What you write must match, character for character, the lines from the one with "CO2 Laser Before & After Patient #10980" down to the one with "Рис. Ушивание кровоточащей" in the listing below, minus its pictures.

=== INPUT DATA ===
◆ ◆ ◆ ◆ ◆
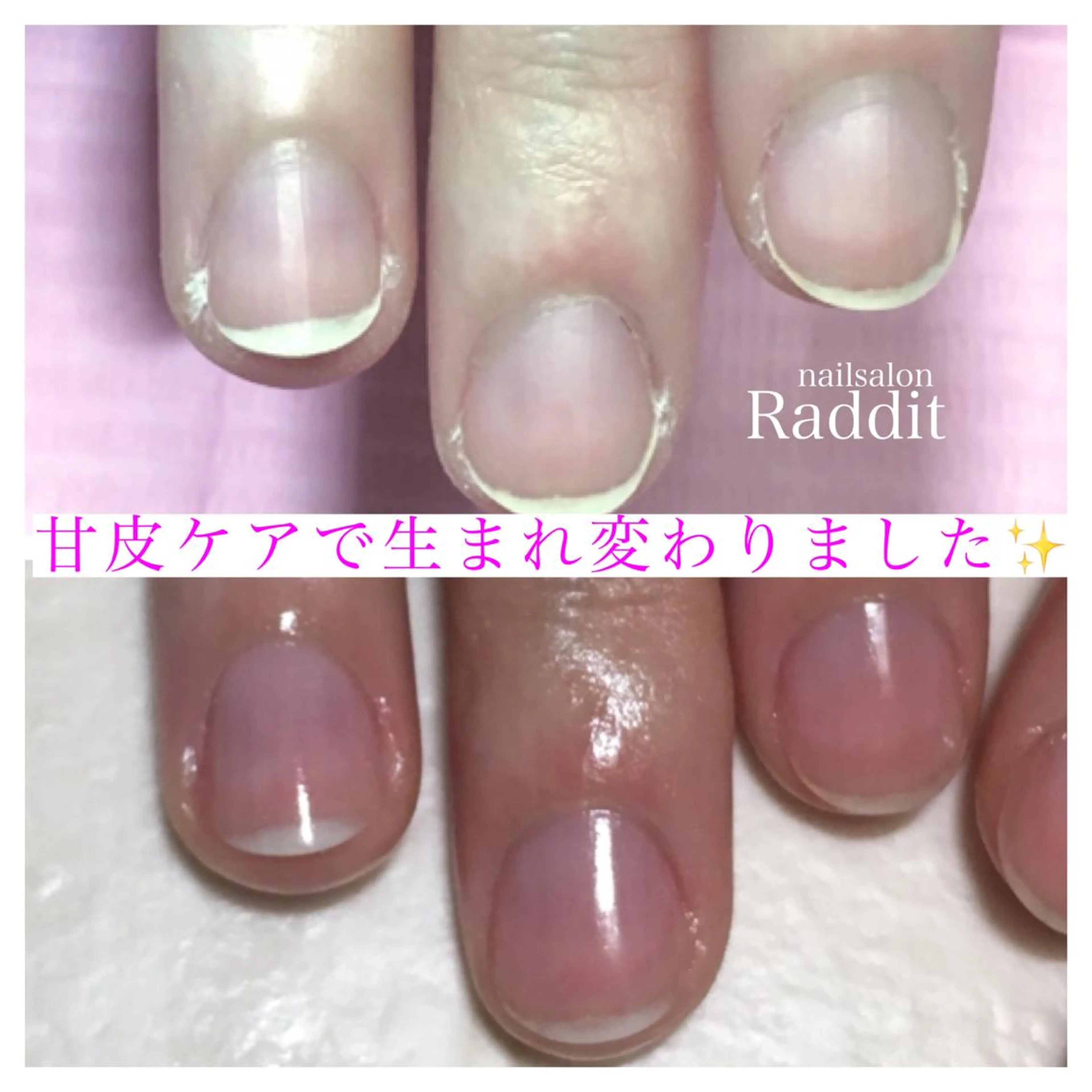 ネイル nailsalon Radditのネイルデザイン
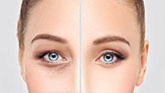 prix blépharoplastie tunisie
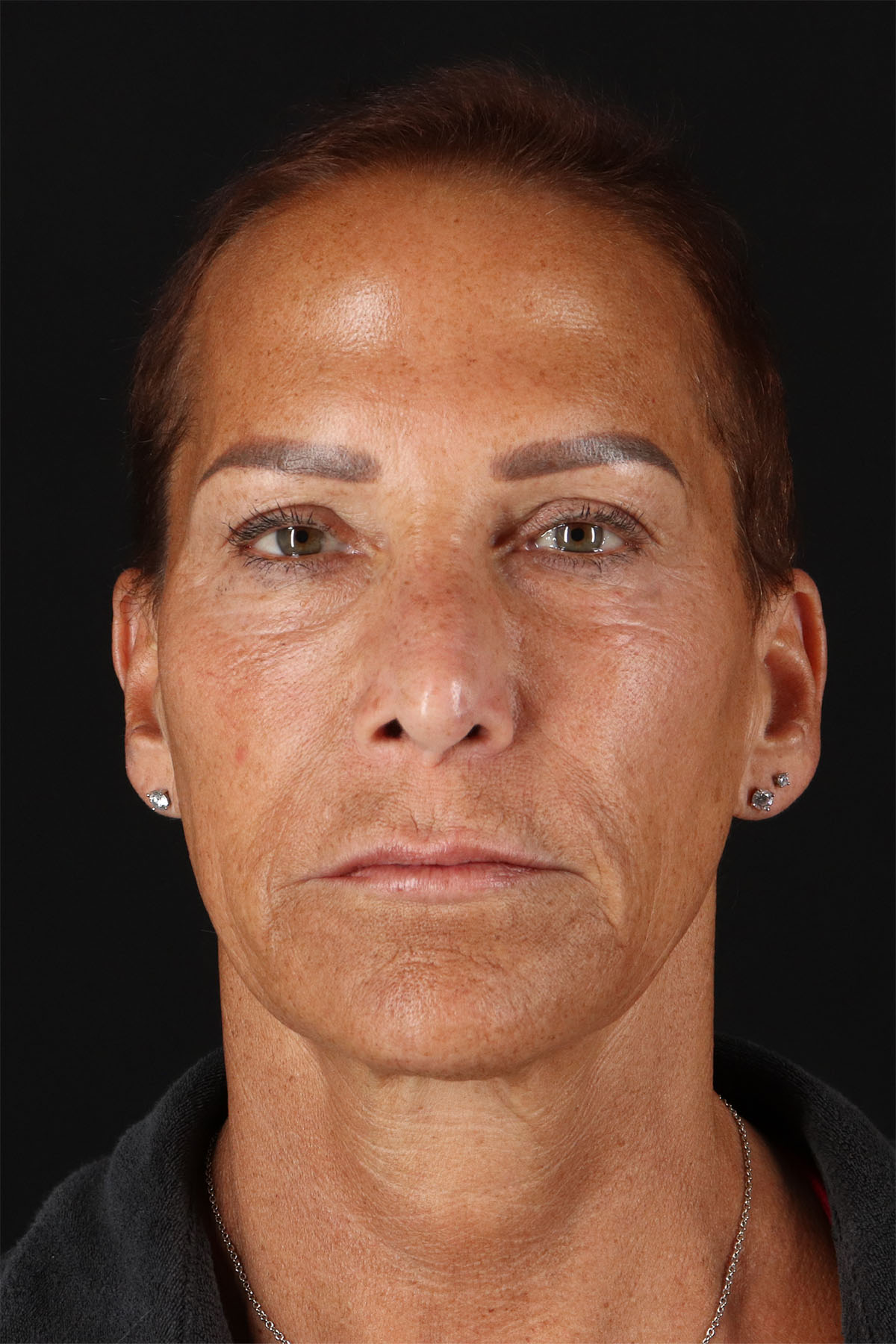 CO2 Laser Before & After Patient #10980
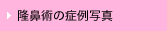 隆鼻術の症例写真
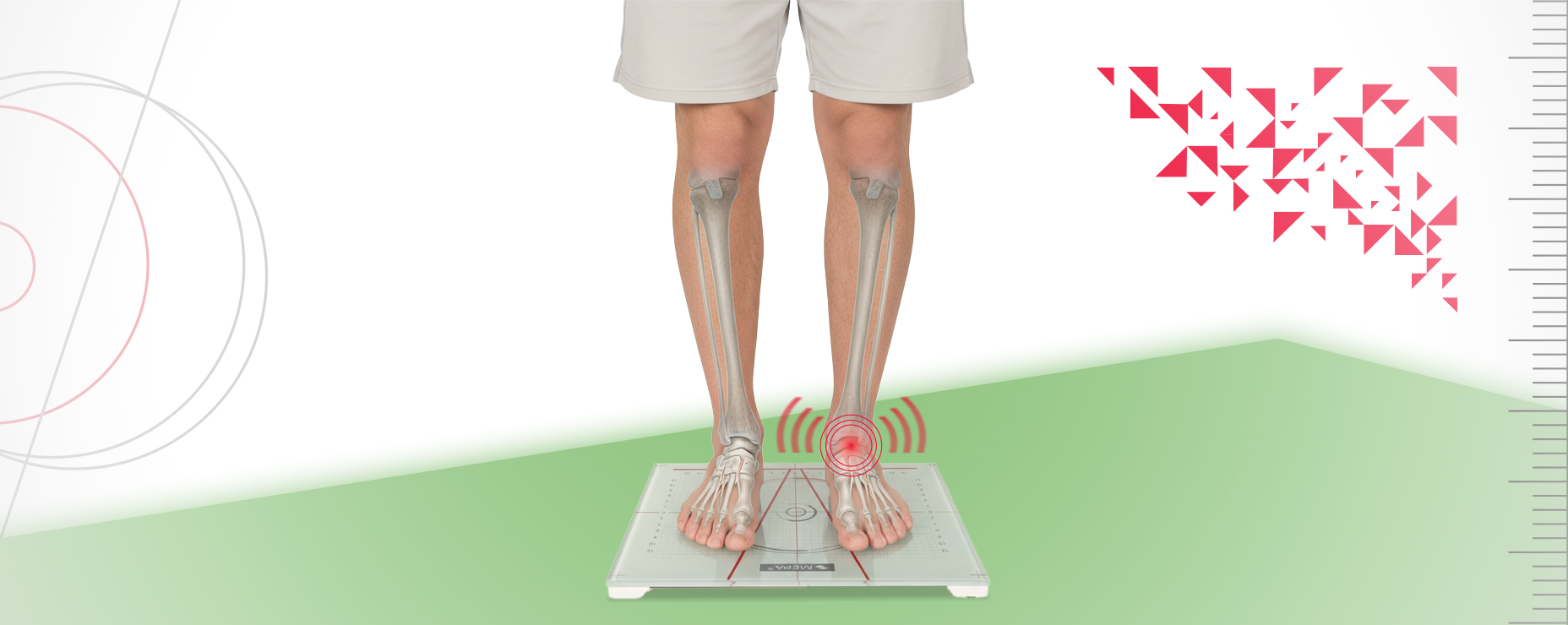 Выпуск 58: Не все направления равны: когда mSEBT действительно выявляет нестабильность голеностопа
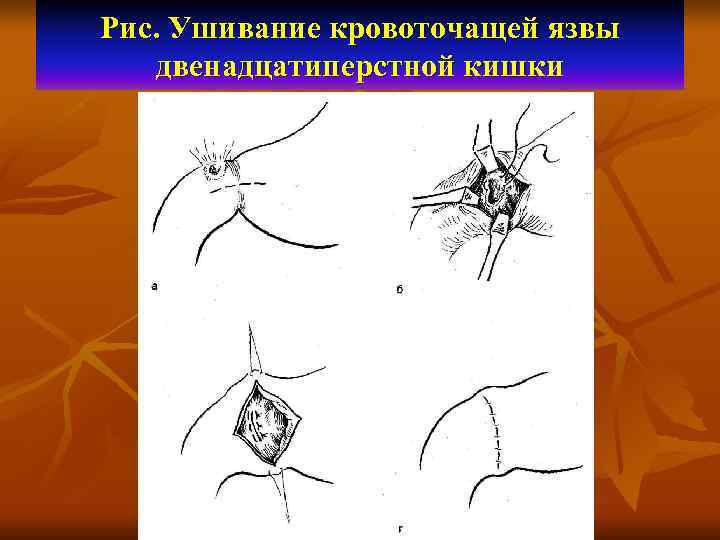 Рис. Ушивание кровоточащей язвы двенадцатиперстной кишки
◆ ◆ ◆ ◆ ◆
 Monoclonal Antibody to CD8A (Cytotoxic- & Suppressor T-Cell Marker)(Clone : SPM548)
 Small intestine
◆ ◆ ◆ ◆ ◆
=== REPLY TO THE EXERCISE ===
 CO2 Laser Before & After Patient #10980
 隆鼻術の症例写真
 Выпуск 58: Не все направления равны: когда mSEBT действительно выявляет нестабильность голеностопа
 Рис. Ушивание кровоточащей язвы двенадцатиперстной кишки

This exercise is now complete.